Exercise details:
Could you repeat the whole listing below exactly, omitting any picture it holds?

----------

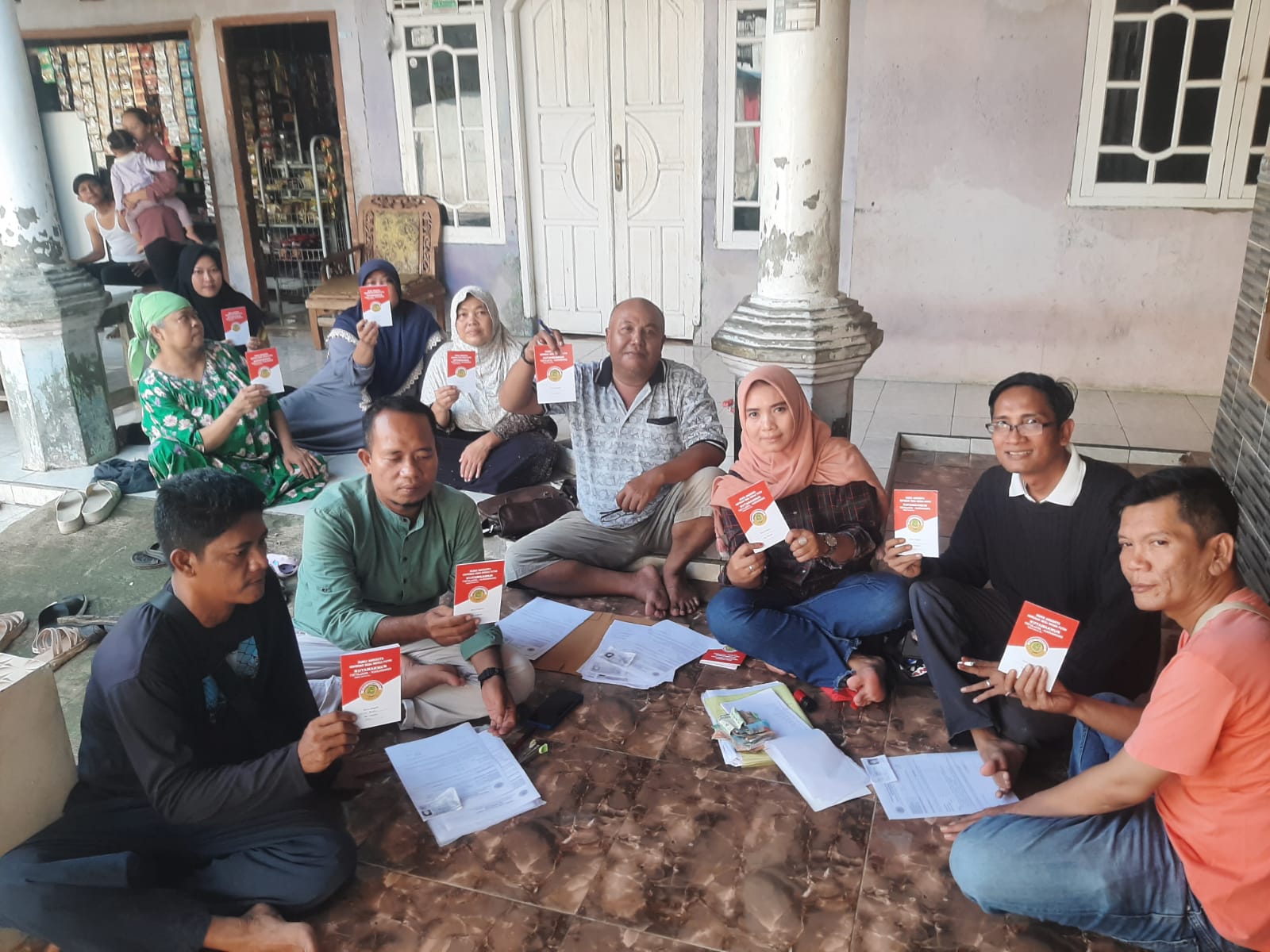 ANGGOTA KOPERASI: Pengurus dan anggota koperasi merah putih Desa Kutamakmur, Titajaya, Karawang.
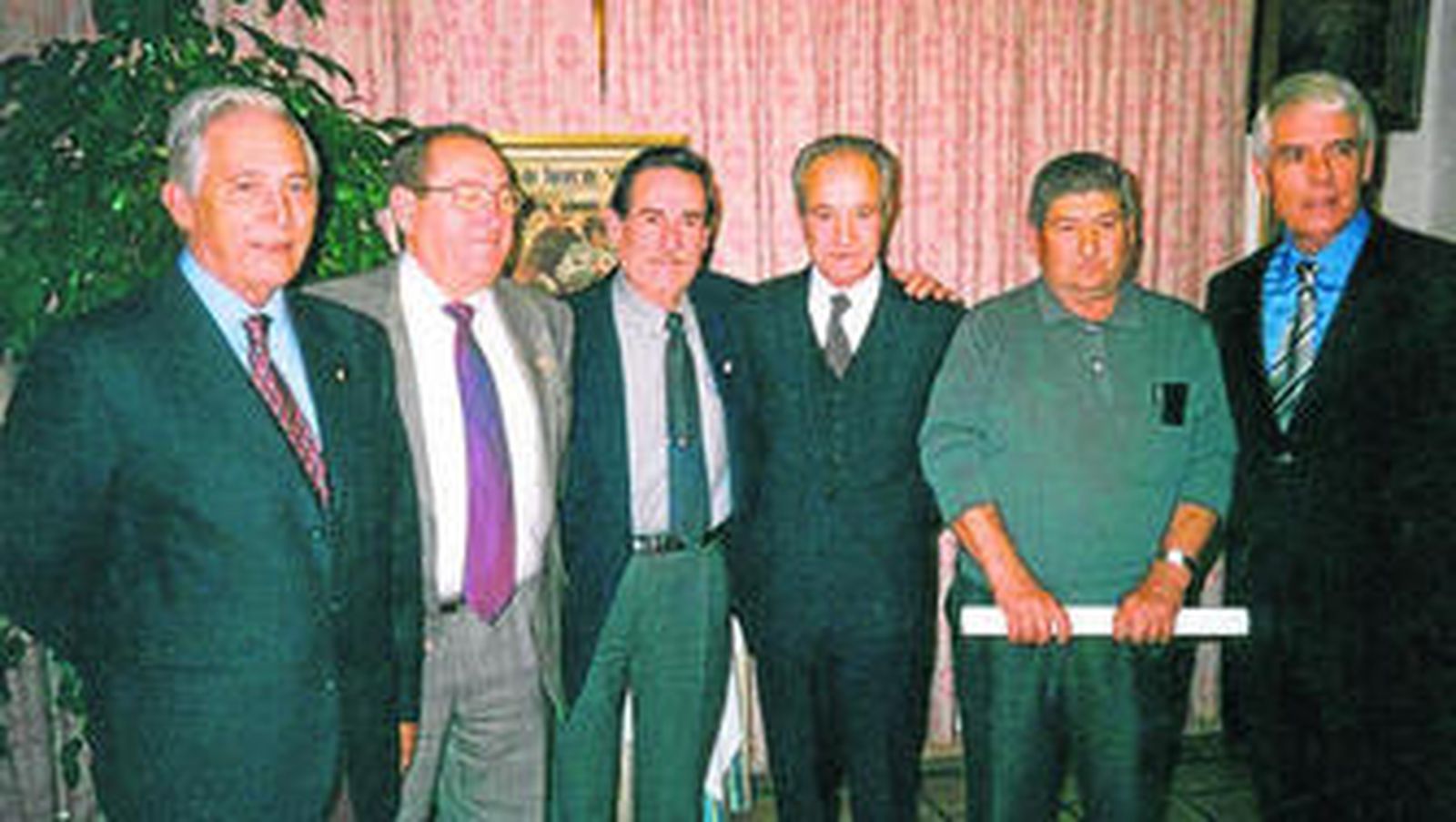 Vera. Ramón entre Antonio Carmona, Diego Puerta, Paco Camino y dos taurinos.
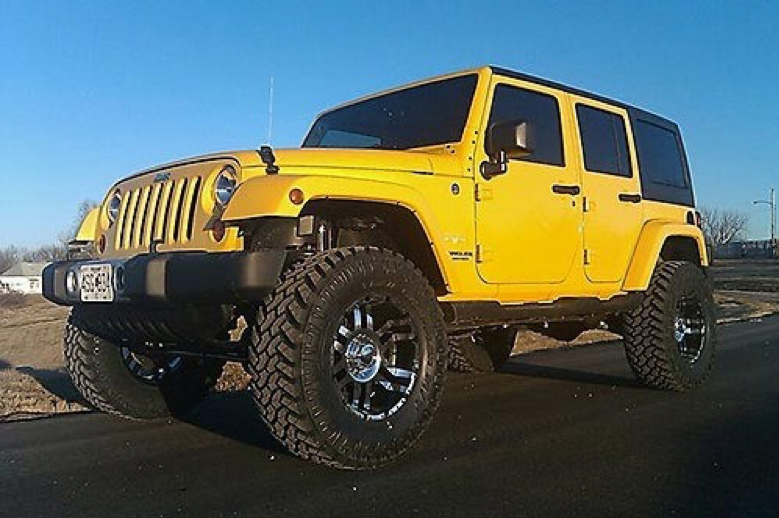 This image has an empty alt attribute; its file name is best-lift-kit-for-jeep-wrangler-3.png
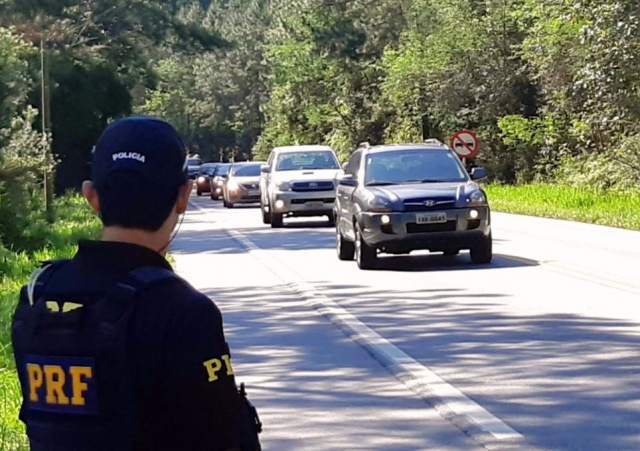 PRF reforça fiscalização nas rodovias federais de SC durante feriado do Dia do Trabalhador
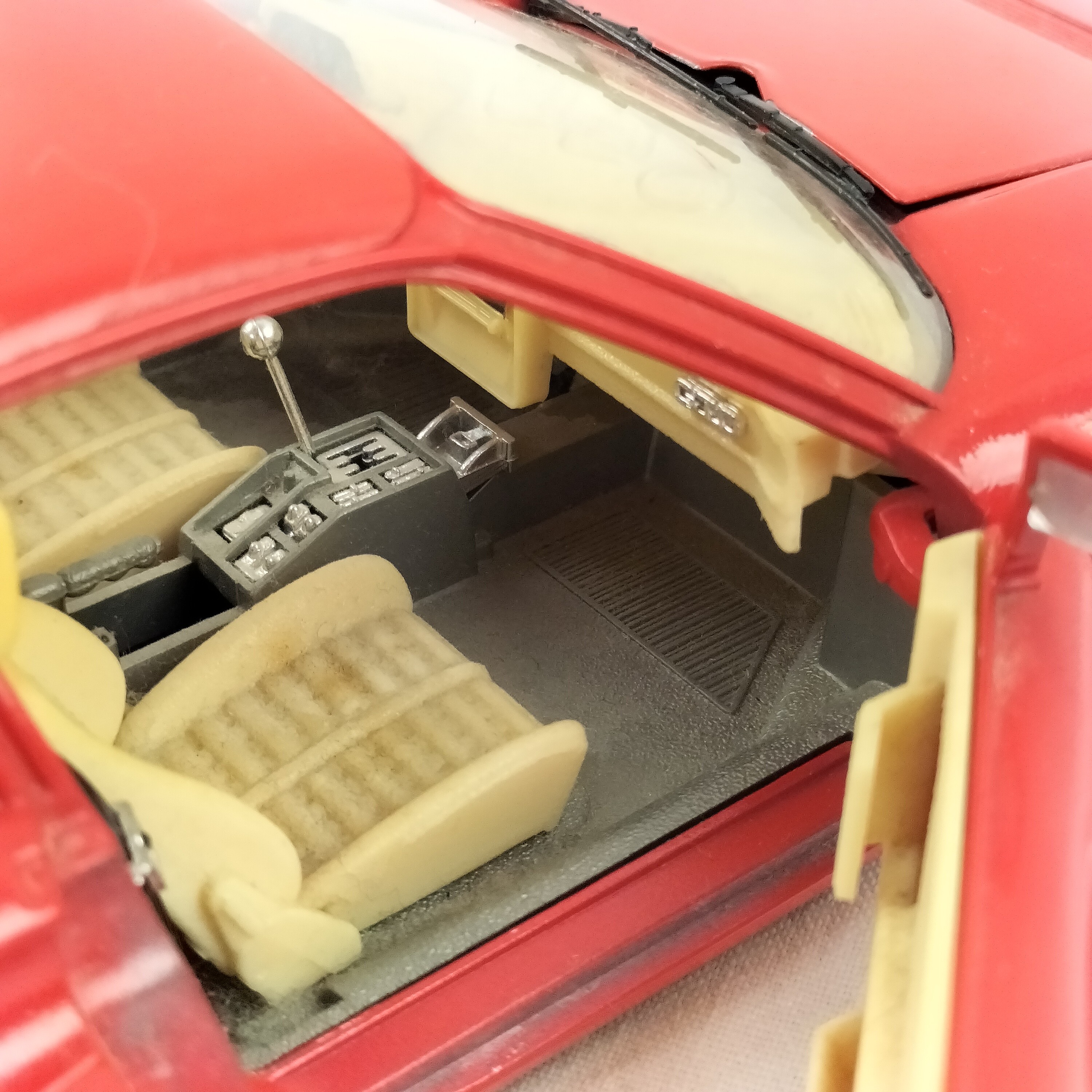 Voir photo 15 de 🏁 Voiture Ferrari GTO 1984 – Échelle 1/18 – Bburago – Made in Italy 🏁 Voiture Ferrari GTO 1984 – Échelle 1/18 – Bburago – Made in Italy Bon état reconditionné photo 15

----------

Task response:
 ANGGOTA KOPERASI: Pengurus dan anggota koperasi merah putih Desa Kutamakmur, Titajaya, Karawang.
 Vera. Ramón entre Antonio Carmona, Diego Puerta, Paco Camino y dos taurinos.
 This image has an empty alt attribute; its file name is best-lift-kit-for-jeep-wrangler-3.png
 PRF reforça fiscalização nas rodovias federais de SC durante feriado do Dia do Trabalhador
 Voir photo 15 de 🏁 Voiture Ferrari GTO 1984 – Échelle 1/18 – Bburago – Made in Italy 🏁 Voiture Ferrari GTO 1984 – Échelle 1/18 – Bburago – Made in Italy Bon état reconditionné photo 15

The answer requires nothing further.